«Comme à son habitude, la comtesse de Trakai sortit à six heures et ne revint au manoir que vers onze heures, les nerfs à vif et les sangs en feu, vêtue d’une petite robe trop courte et trop ajustée pour être honnête, faite entièrement de film plastique à bulles d’air servant à emballer les vibromasseurs vendus par correspondance.»

— Je t’ai dit de ne pas bouger, mauviette! Je ne veux surtout pas que tu abîmes ma toilette… dit-elle sur un ton sévère à son larbin.

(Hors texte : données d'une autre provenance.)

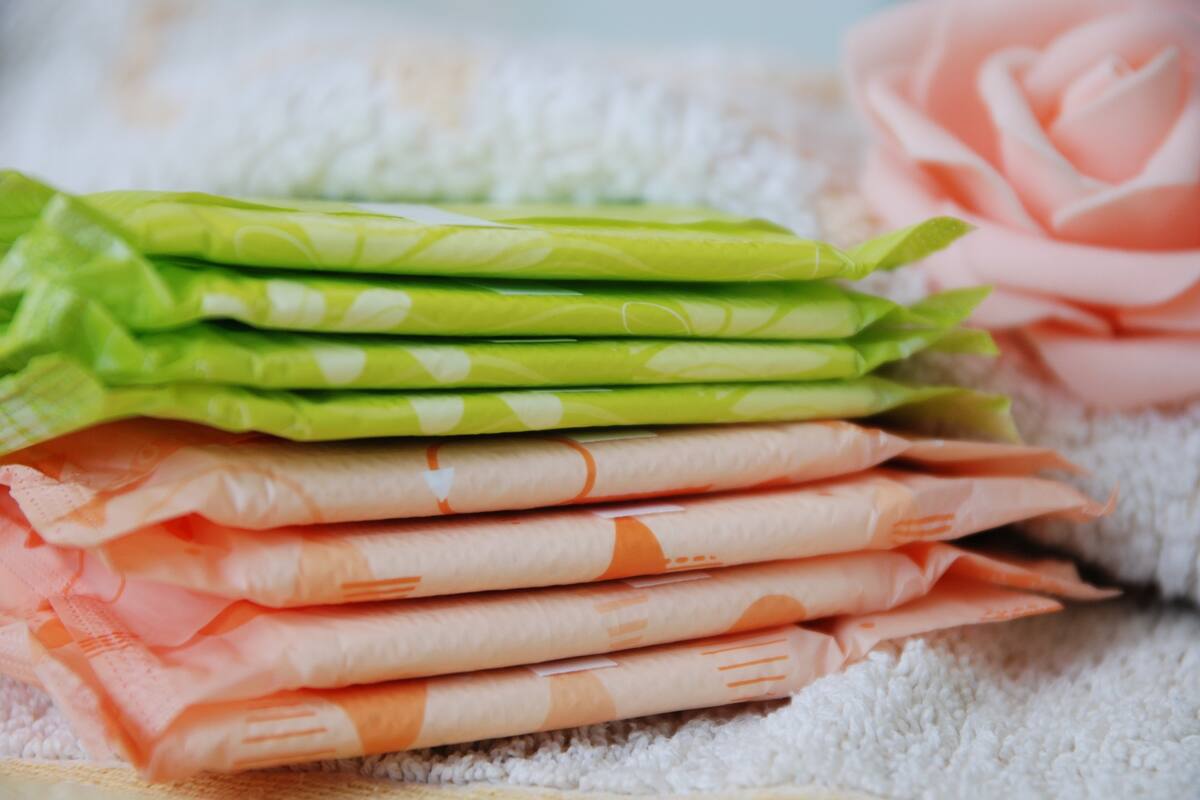 Menstruación: la primera nación del mundo en ofrecer gratis productos sanitarios femeninos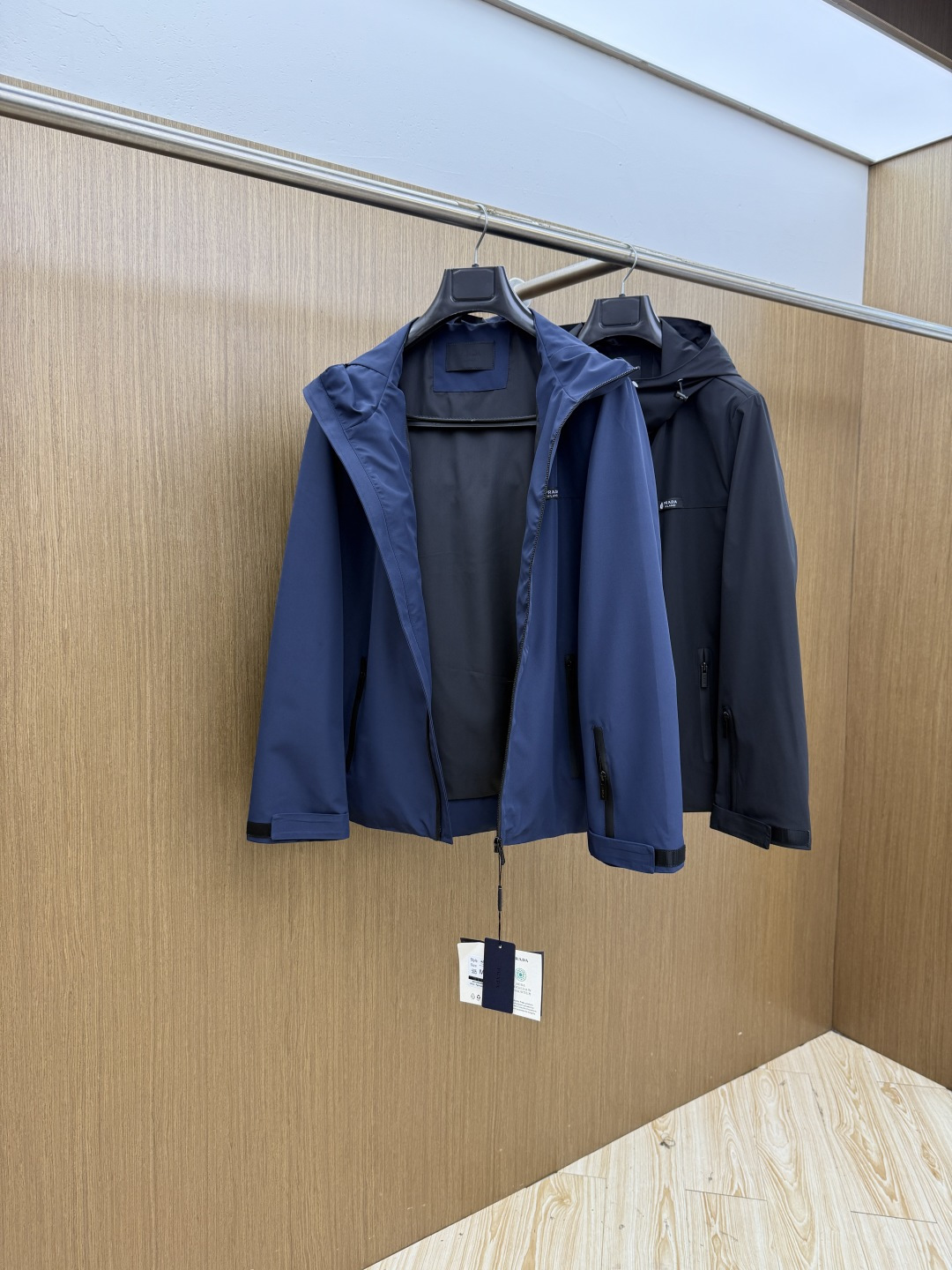 早春 PD 🔥年早春新款专柜同款连帽休闲夹克，商务休闲两不误！面料采用聚酯纤维防风防水面料，内里聚酯纤维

Le pauvre larbin essayait tant bien que mal de rester stoïque. Il avait toujours détesté la position du missionnaire; tout son poids pesait sur ses bras malingres et douloureux, sa queue bandait douloureusement, éperdument, et la comtesse de Trakai, sa robe invraisemblable remontée à ras le bonbon et les cuisses complaisamment ouvertes, ne faisait que le torturer avec sa cruelle immobilité. Tout ce que larbin voulait, c’est se glisser en elle. Plus rien sur terre ne comptait à part la possibilité, perspective fugace de cette pénétration: il en avait cure d’être foudroyé sur place par les dieux courroucés, tant qu’existait la possibilité de glisser entre les plis soyeux et moites de la comtesse.

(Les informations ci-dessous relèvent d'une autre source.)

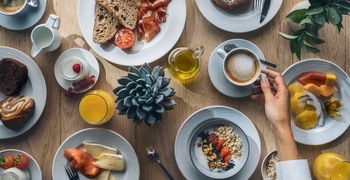 un plato de comida y una taza de café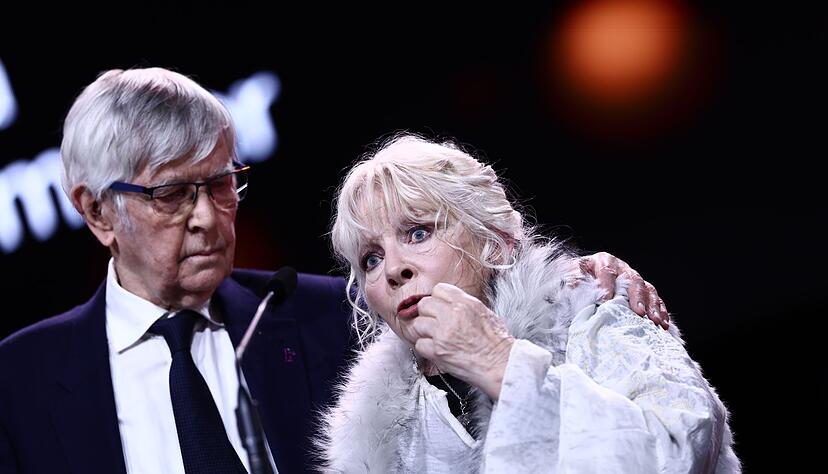 Tom Courtenay und Anna Calder-Marshall erhalten den Silbernen B&auml;ren f&uuml;r die beste schauspielerische Leistung in einer Nebenrolle.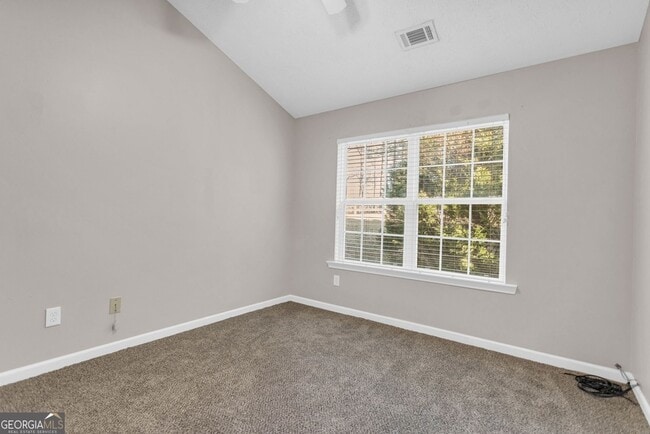 Building Photo - 5313 Paramount View Way NE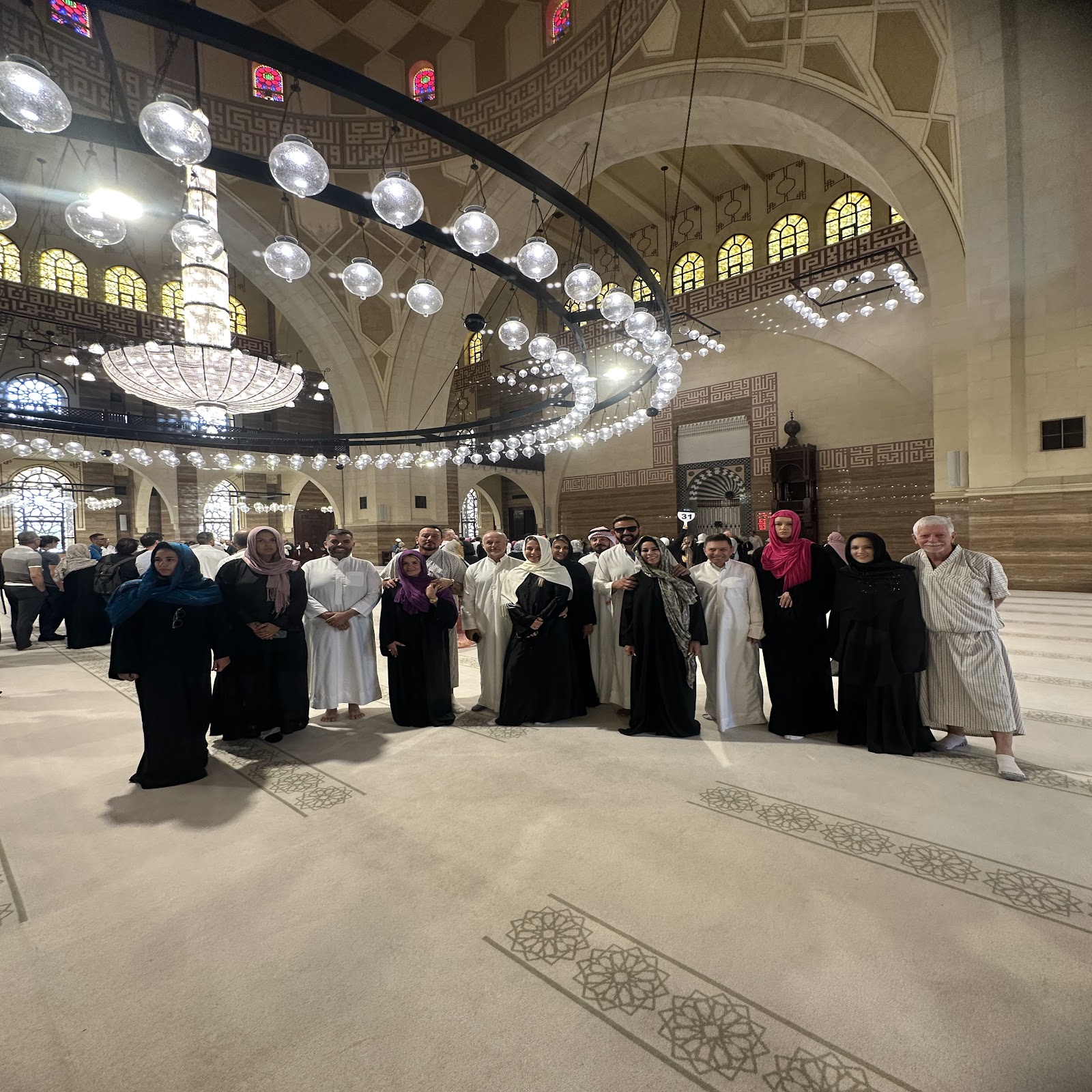 Interior da Grande Mesquita Al-Fateh durante visita cultural em Manama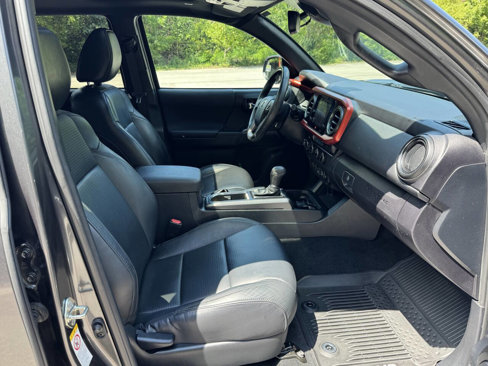 Used 2019 Toyota Tacoma TRD Sport image 15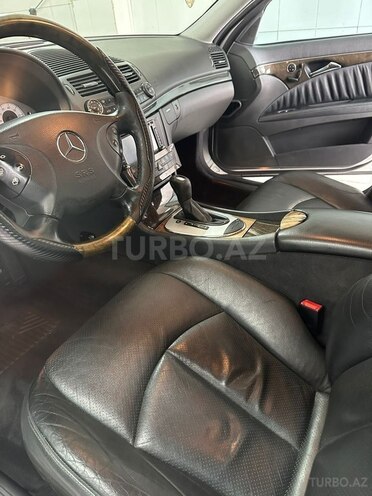Mercedes E 320 2002, 242,000 km - 3.2 l - Bakı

— Je te préviens, larbin: si tu crèves ne serait-ce qu’une seule de mes bulles, ce sera illico le supplice de la roue.

Labin savait qu’une telle maladresse serait sévèrement punie, mais il ne pouvait supporter la pensée de se faire tourner jusqu’au bord de l’évanouissement, avec ces clous de métal qui déchireraient à coup sûr sa pauvre chair nue. Il se ressaisit, prit une grande respiration et se braqua autant qu’il put. Le bout de son gland frôlait les nymphes de la comtesse. Les merveilleuses, délicates, accueillantes petites lèvres de l’unique objet de ses pensées, sa maîtresse, son idole, sa cruelle dictatrice qui, il en était convaincu, ne le laisserait jamais prendre l’initiative de l’enconner. Il devait rester immobile, il fallait la laisser faire tous les mouvements. Mais pourquoi n’était-elle pas sur le dessus, comme elle le faisait toujours? La comtesse de Trakai n’avait même pas daigné l’expliquer. Larbin se dit que ce n’était qu’une autre façon particulièrement vicieuse de le torturer.

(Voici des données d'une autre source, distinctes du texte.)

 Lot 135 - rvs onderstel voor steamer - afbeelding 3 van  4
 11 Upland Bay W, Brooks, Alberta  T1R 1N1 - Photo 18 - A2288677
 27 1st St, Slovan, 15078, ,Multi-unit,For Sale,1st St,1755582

L’esprit de larbin se mit alors à dérailler. Les mots tournoyaient dans sa cervelle: « Sa chatte… si mouillée… pas bouger… juste un peu plus près… sa chatte… presque…»

— Tu es aussi risible que pitoyable, soupira la comtesse, le regard planté dans celui de son larbin aux abois.

«Dois rester… pas bouger… sa chatte… je vais… je… je… »

POP !

«Décidément, une fois qu’on a crevé une bulle, c’est vraiment trop difficile de s’arrêter», se dit beaucoup plus tard la comtesse de Trakai avant de se retirer dans ses appartements.